The brothers and sisters, and Colin
and I, all sat around the hearthstone, drinking in the stories which
Willie told, while the great logs in the big fireplace burned briskly, the
sparks mounting the chimney, and the blaze of light shooting out into the
room and suddenly illuminating it, as Wallace stirred the logs or
re-arranged the coals.
Now and again would come the
admonition of the widow, as she discovered some defective point in the
conversation. How kindly she administered the rebuke! Indeed, the way it
was put and the manner of putting it removed any suspicion that Mrs.
McNabb’s interruptions were intended as either rebukes or corrections.
Before the hour for retiring came (and it seemed the universal desire to
prolong those evenings), the widow would look at the great old wooden
clock, shake her head in kindly protest, and reaching for the big family
Bible would say: "Here, Willie, your eyes are young, and mine are tired.
Read a chapter, and we’ll all to bed."
"What shall I read, mother?" Willie
would often say.
"Well, if you don’t mind to-night,"
was the widow’s frequent answer, "I would like to hear the fourteenth
chapter of John again. It seems as if I would never tire of that."

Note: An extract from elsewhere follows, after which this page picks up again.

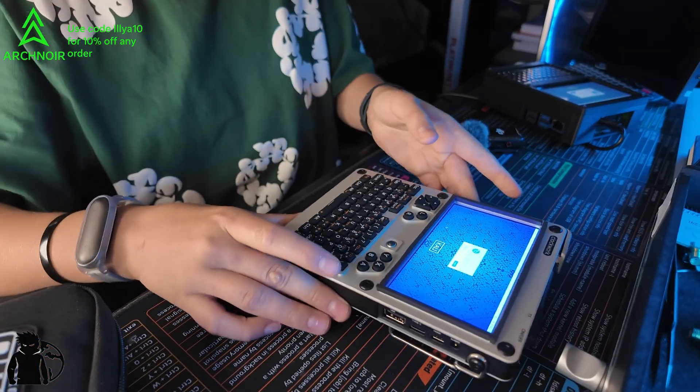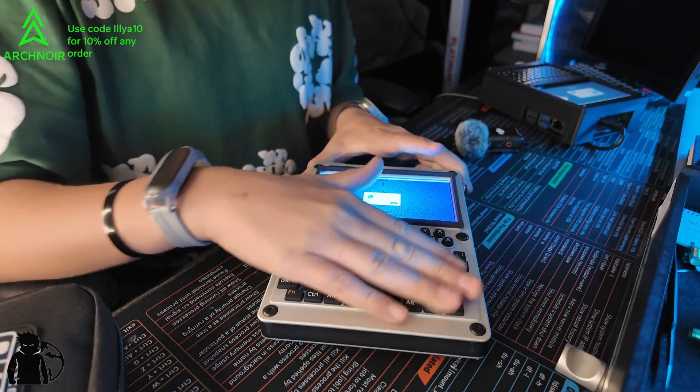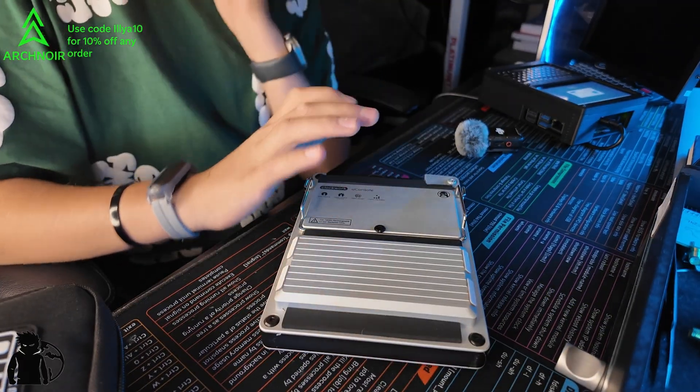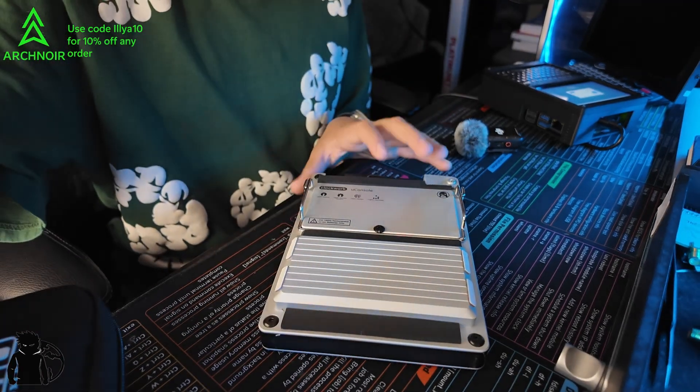The first device we're looking at is the U Console. It's made of metal, has all these buttons, a nice display, and has a Raspberry CM5 inside. The fun part is you get to build it yourself, but there are some limitations and things that really set it back on the list.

And as Willie would read about "My
Father’s house" and the "many mansions" it contained, and farther on, of
our Lord going to prepare a place for His own, the widow’s eyes would
glisten, and we could see that her mind was far away. She never seemed to
follow the words of the chapter beyond a certain point — from that point
she appeared to be lost in the Celestial City, her mind entirely purged of
earthly considerations and her face radiant with pure joy.
When the reading of the chapter was
completed, she would give a sudden start, and with a subdued exclamation
of, "Oh! are you finished?" she would, in a simple, earnest prayer, spoken
in the sweetest tones and most loving words, commend all to Divine care.